The latest book is one in a series aimed at extracting economic development lessons from communities large and small around the U.S. For this book, Gordon interviewed the mayors of 70 micropolitan communities, including two in Virginia: Danville and Martinsville. While small-town mayors maintain an up-beat outlook as their communities’ chief salesmen, the outlook Gordon describes is grim.

One rampant problem is the brain drain, the loss of residents with skills and education, to larger metropolitan areas that offer superior career prospects. The small towns’ problem is the inverse that of the major metros. Lacking a skilled and educated workforce makes it difficult to attract higher-quality employers; the lack of higher-quality employers makes it difficult to recruit or retain educated workers. Writes Gordon:

The loss of a primary employer means more than the loss of jobs and taxes. It can also mean the loss of the best of the workforce in the city as well as private support for organizations and causes throughout the community. This brain drain is an extremely serious for micropolitan cities.

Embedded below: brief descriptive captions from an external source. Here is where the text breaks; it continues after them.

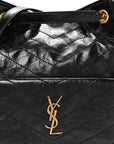 Crinkled Calfskin Matelasse Monogram Niki Multipocket Shopping Tote Black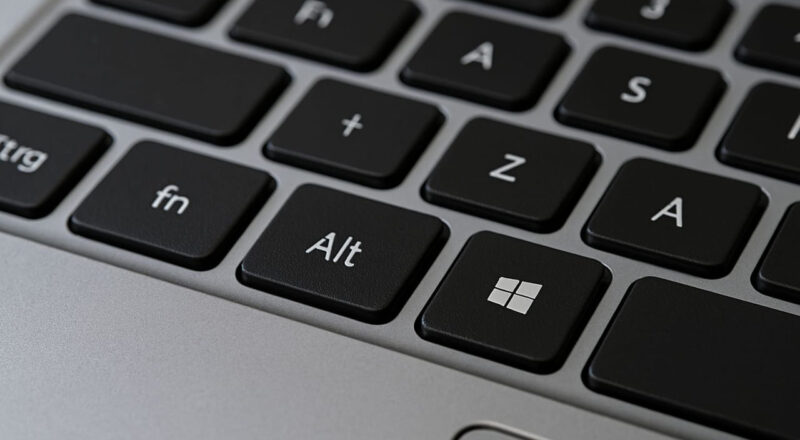 FN-Taste auf einer Laptop-Tastatur unten links in Nahaufnahme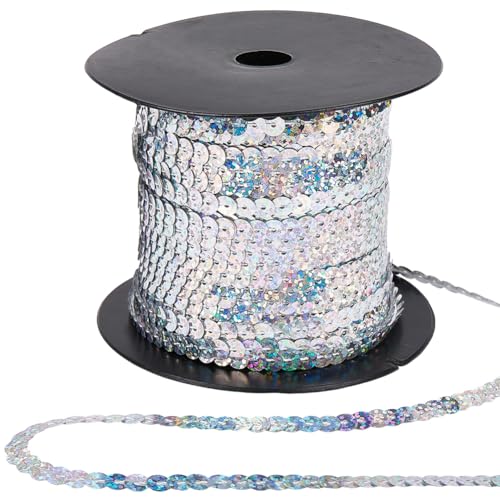 CABODYALS 6MM 91.44M Silver Sequin Shiny Strips Trim Sparkle Flat Round Sequins Bling Metallic Paillette Spool Strand Decorative Ribbon for Sewing Making Clothing Dresses Fringe Diy Crafts Supply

That problem feeds another one: The erosion of the business tax base and the loss of higher-income individuals reduces the resources available to small towns and cities to make the investments in education and infrastructure they need to grow. “The ‘Catch-22’ is that the community then becomes less attractive to potential new residents and employers.

If there is a magic formula for success, Gordon didn’t find it. Indeed, his summary chapters are remarkably pessimistic — not for any apocalyptic language, which he studiously avoids, but for the simple paucity of plausible economic-development strategies beyond the well-worn ideas of diversifying the economy and revitalizing downtown.

That’s not to say that the future of micropolitan America is hopeless. There is a niche for people who prefer a slower-paced life in a tightly knit community where everyone knows and supports one another. For the most part, those people are retirees. I confess, I did not read all 70 of the community profiles, but I saw little discussion of what it takes to become a successful retirement community — something any region with access to beaches or mountains can reasonably aspire to.

There also is a niche for micropolitan areas on the periphery of large metros. Here in Virginia, small cities and towns in the Shenandoah Valley or along the Chesapeake Bay can cater to affluent residents of the Washington metropolitan area by creating a weekend-getaway economy of B&Bs, boutique stores and restaurants, local crafts, and activities geared to sailing (on the Chesapeake) or the mountains (Shenandoah). These regions can even recruit burned-out urban dwellers seeking a bucolic place to live while working as a consultant or telecommuter. A disproportionate number of these escapees wind up starting small businesses and becoming local employers. Unfortunately, to date, local economic developers have stuck with the industrial-recruitment strategy that bears less and less fruit.

Thirdly, micropolitan communities should consider the virtues of smart growth. All small towns — those in Virginia, at least — are mini replicas of metro Washington, Richmond and Hampton Roads in having allowed auto-centric growth to leak into surrounding counties even as the urban core struggles to maintain its population. The consequence of a dispersed population is that it becomes more expensive to provide citizens with infrastructure and public services than it need be, thus making it more difficult to maintain the quality of public services needed to attract new residents and businesses. (Every mayor of a small Virginia city should become a faithful reader of the Strong Towns blog based on the observations of Charles Marohn in Brainerd, Minn., who chronicles the foolhardy investment of scarce small-town resources in infrastructure projects that yield little value.)

Those small-bore ideas may be a big leap for someone like Gordon, whose cosmopolitan EDA maintains offices in Bangalore, Tel Aviv, Munich, London and Seoul among other places. But it’s a leap that the small-town mayors had better make. What they’re doing now isn’t working, and there is no reason to think that the economics of urban growth will change anytime soon. If small-town leaders need any further proof, they should read Gordon’s book and see what their peers are doing — or not doing.